Finally, it's worth noting that Moyer has a good post-season record of his own. Save a disastrous outing against the Milwaukee Brewers in the 2008 ALDS, he's been excellent. In 2001 Moyer went 3-0, including a most impressive outing at Yankee Stadium in Game 3 of the ALCS.

I don't think Jamie Moyer is a Hall of Fame caliber pitcher. I think he's exactly the kind of player who will be, and should be, remembered fondly by baseball fans who had the chance to enjoy watching him pitch. Maybe I will one day tell my grandchildren how Moyer had a devastating change up, pinpoint control, and was an effective pitcher for one of baseball's very best teams well into his late-40's. We might never see another pitcher like Moyer. That's awesome, but he's just not a Hall of Famer.

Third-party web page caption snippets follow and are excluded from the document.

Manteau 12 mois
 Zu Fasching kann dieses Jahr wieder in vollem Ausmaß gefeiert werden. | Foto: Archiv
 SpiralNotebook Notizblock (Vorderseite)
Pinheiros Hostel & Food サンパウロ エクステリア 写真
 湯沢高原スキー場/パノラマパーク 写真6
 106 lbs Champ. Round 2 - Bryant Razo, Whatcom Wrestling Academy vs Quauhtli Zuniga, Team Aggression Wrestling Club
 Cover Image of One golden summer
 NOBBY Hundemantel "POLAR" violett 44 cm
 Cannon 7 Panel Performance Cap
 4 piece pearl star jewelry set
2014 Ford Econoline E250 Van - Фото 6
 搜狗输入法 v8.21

To me, that's Jack Morris too. He threw a million innings per season during a time when the trend to protect pitchers more and more was beginning to take hold. Wherever he went, his teams won. And my goodness, the 1984 and 1991 World Series! What a career he had.

Sometimes, it's ok just to leave it at that.


Update: I see that Howard Megdal & Jon Daly have tackled the very same topic at The Perpetual Post this morning.


Good piece, I completely agree.

Re Morris's post-season reputation, Curt Schilling blew THREE leads in Game 1 of the 1993 World Series as well as an NLCS Game 1 lead the same year.

And how about that Soriano bomb leading off the 8th in Game 7 of the 2001 World Series? But, everyone wants to buy into his successes and forget Schilling's failures. He looked like a six year old after someone kicked his dog...But, "He's CLUTCH"......

Moyer is like the receiver with 5 catches for 55 yards and no TD's. On the highlights they will show the speedy guy who caught two balls for 80 yds and a TD and you figure he is the star. However, he missed a catchable ball that forced a punt and Mr. Slow caught 3 on 3rd and long to keep the drive going and had a higher WPA.


Since 2008, in his 45-47 seasons, Moyer ranks 26th in the NL among SP's with at least 300 IP's.

But I see what you did there with the caps lock...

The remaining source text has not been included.